Kum Adası kıyıya birleşerek yarımadaya dönüştü. Bu konuda tanınmış fotoğrafçı Aleksey Lyokin bir fotoğraf paylaştı. “Hazar’ın sığlaşmasının Kum Adası örneğinde: 2025 yılında ada yarımadaya dönüşerek karayla birleşti,” dedi fotoğrafçı.
Son yıllarda Hazar Denizi’nin su seviyesinin düşmesi, Kum Adası’nın kıyı topraklarıyla daha geniş bir bağlantı kurmasına neden oldu. Önceden bu bağlantı yapay bir setle teknik olarak sağlanıyordu, fakat artık söz konusu değişiklik doğal süreçlerin sonucu olarak gözlemleniyor.
Peki, Kum Adası’nın kıyıyla doğal yolla birleşmesi ekosistemlere, özellikle de Bakü Körfezi’ndeki flora ve faunaya ne gibi tehditler oluşturabilir?
Azerbaycan Milli Bilimler Akademisi Coğrafya Enstitüsü bölüm başkanı ve ekolojist Enver Aliyev konu hakkında Oxu.Az’a konuştu.

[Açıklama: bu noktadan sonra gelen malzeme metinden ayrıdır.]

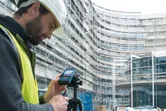 安全装備を装着した人が建設現場でレーザー測定器を操作しています。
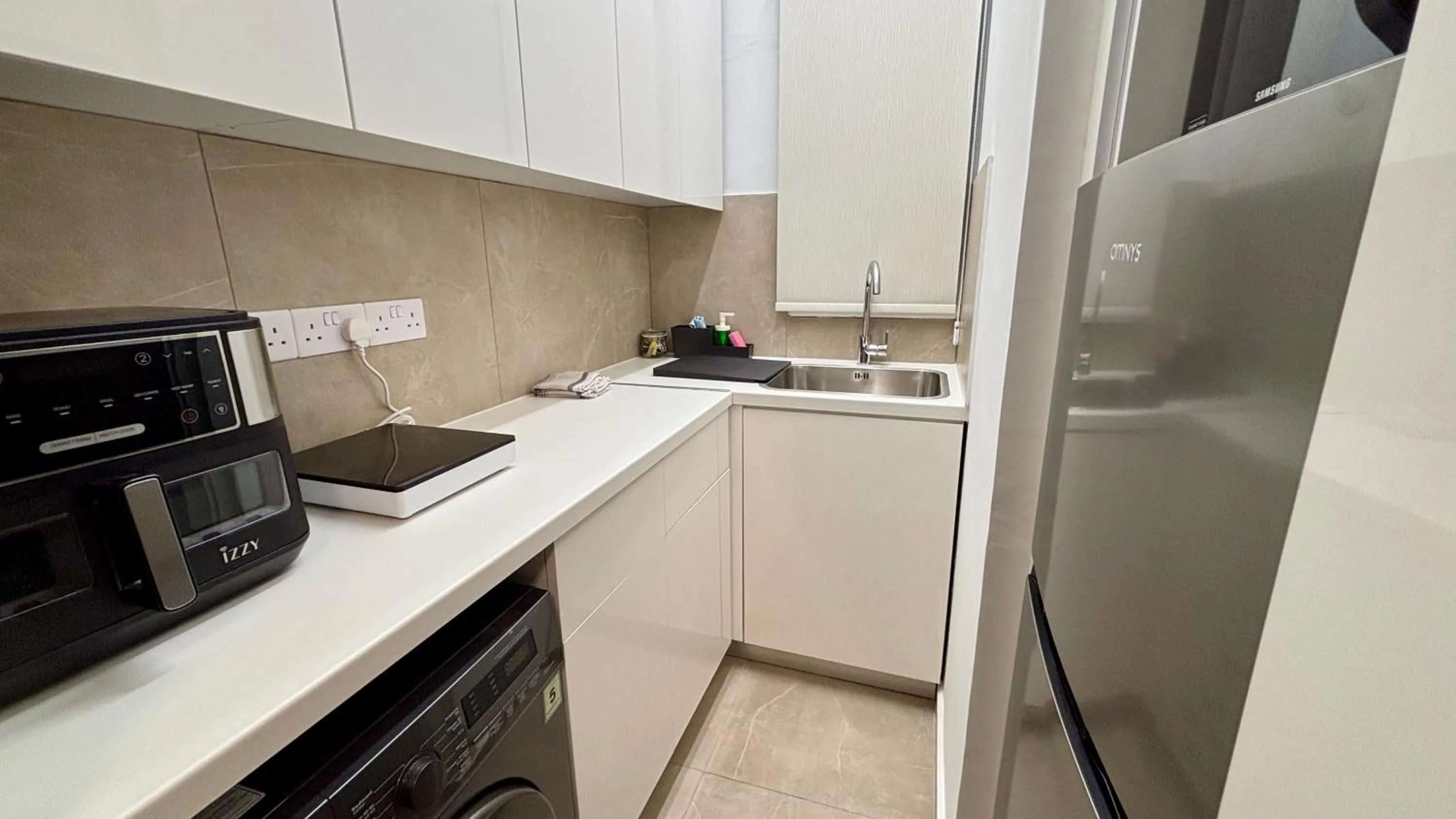 Kitchen or kitchenette in SeaBreeze City Center Flats by TrulyCyprus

Aliyev, Hazar Denizi’nde gözlemlenen su seviyesindeki düşüşün sadece coğrafi değil, aynı zamanda ekolojik açıdan da ciddi bir endişe kaynağı olduğunu belirtti: “Bu süreç artık bir eğilime dönüştü ve sadece bizim bölgemizde değil, kıyıdaki diğer alanlarda da gözlemleniyor. Su seviyesi azalmaya devam ederse, bazı yerlerde yeni adalar oluşabilir ya da daha önce su altında olan bölgeler ortaya çıkabilir. Bu değişiklikler Hazar’ın ekosistemine doğrudan etki ediyor. Kıyı hattı ileri çekildikçe, o bölgelerdeki flora ve fauna ciddi zarar görüyor.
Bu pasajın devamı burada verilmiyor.